# Product of Triangular Matrices

## Theorem

Let $\mathbf A = \sqbrk a_n, \mathbf B = \sqbrk b_n$ be upper triangular matrices of order $n$.

Let $\mathbf C = \mathbf A \mathbf B$.

Then

$(1): \quad$ the diagonal elements of $\mathbf C$ are given by:
$\forall j \in \closedint 1 n: c_{j j} = a_{j j} b_{j j}$
That is, the diagonal elements of $\mathbf C$ are those of the factor matrices multiplied together.
$(2): \quad$ The matrix $\mathbf C$ is itself upper triangular.

The same applies if both $\mathbf A$ and $\mathbf B$ are lower triangular matrices.

## Proof

From the definition of matrix product, we have:

$\ds \forall i, j \in \closedint 1 n: c_{i j} = \sum_{k \mathop = 1}^n a_{i k} b_{k j}$

Now when $i = j$ (as on the main diagonal):

$\ds c_{j j} = \sum_{k \mathop = 1}^n a_{j k} b_{k j}$

Now both $\mathbf A$ and $\mathbf B$ are upper triangular.

Thus:

if $k > j$, then $b_{k j} = 0$ and thus $a_{j k} b_{k j} = 0$
if $k < j$, then $a_{j k} = 0$ and thus $a_{j k} b_{k j} = 0$.
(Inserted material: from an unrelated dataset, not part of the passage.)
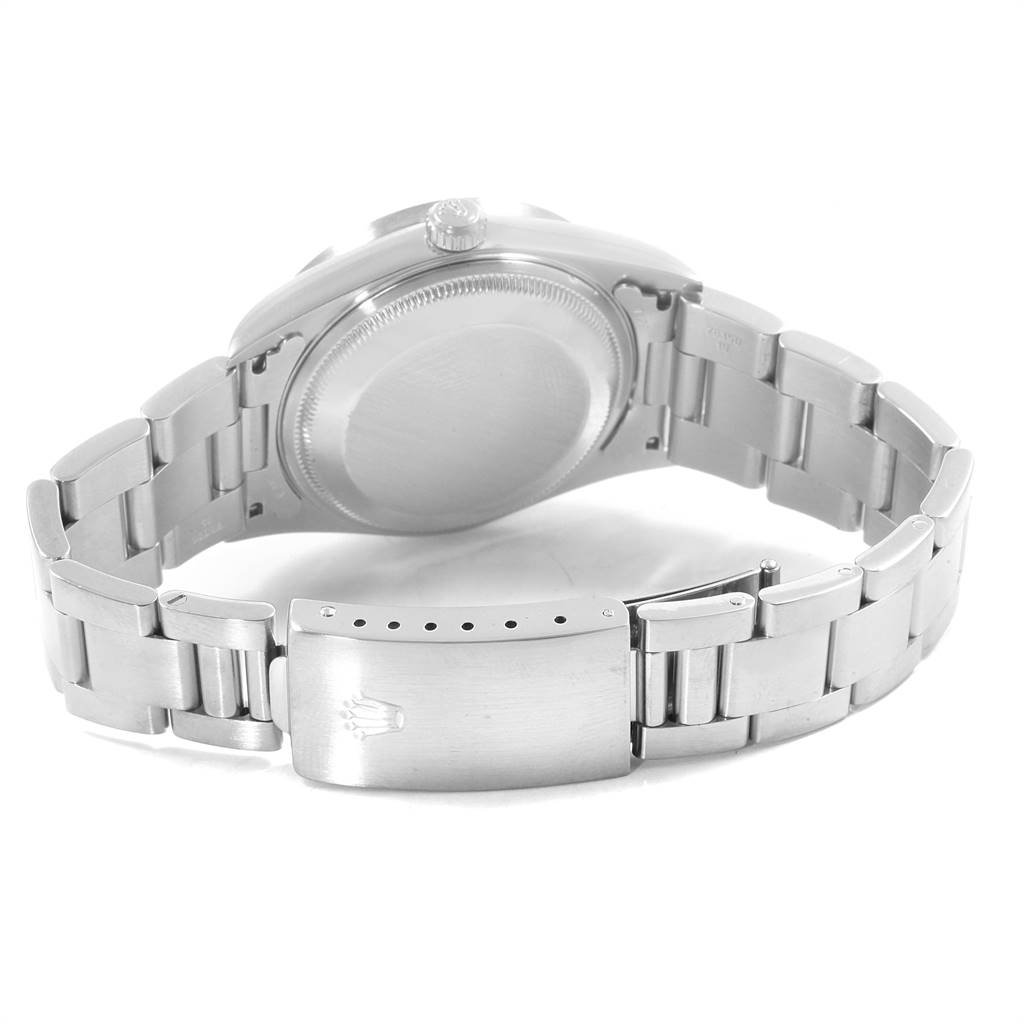 This image shows the back case, crown, and bracelet clasp of a Rolex Date 15210 Men's Stainless Steel Silver Dial 15210 Men's Stainless Steel Silver Dial model watch.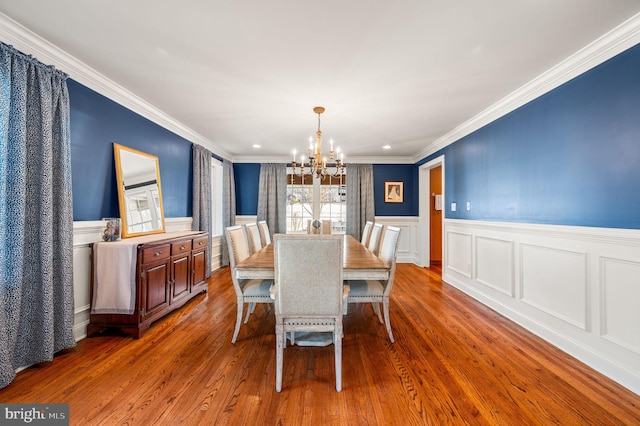 dining room featuring dark wood-style flooring, a wainscoted wall, crown molding, and an inviting chandelier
So $a_{j k} b_{k j} \ne 0$ only when $j = k$.

So:

$\ds c_{j j} = \sum_{k \mathop = 1}^n a_{j k} b_{k j} = a_{j j} b_{j j}$

Now if $i > j$, it follows that either $a_{i k}$ or $b_{k j}$ is zero for all $k$, and thus $c_{i j} = 0$.

Thus $\mathbf C$ is upper triangular.

The same argument can be used for when $\mathbf A$ and $\mathbf B$ are both lower triangular matrices.

$\blacksquare$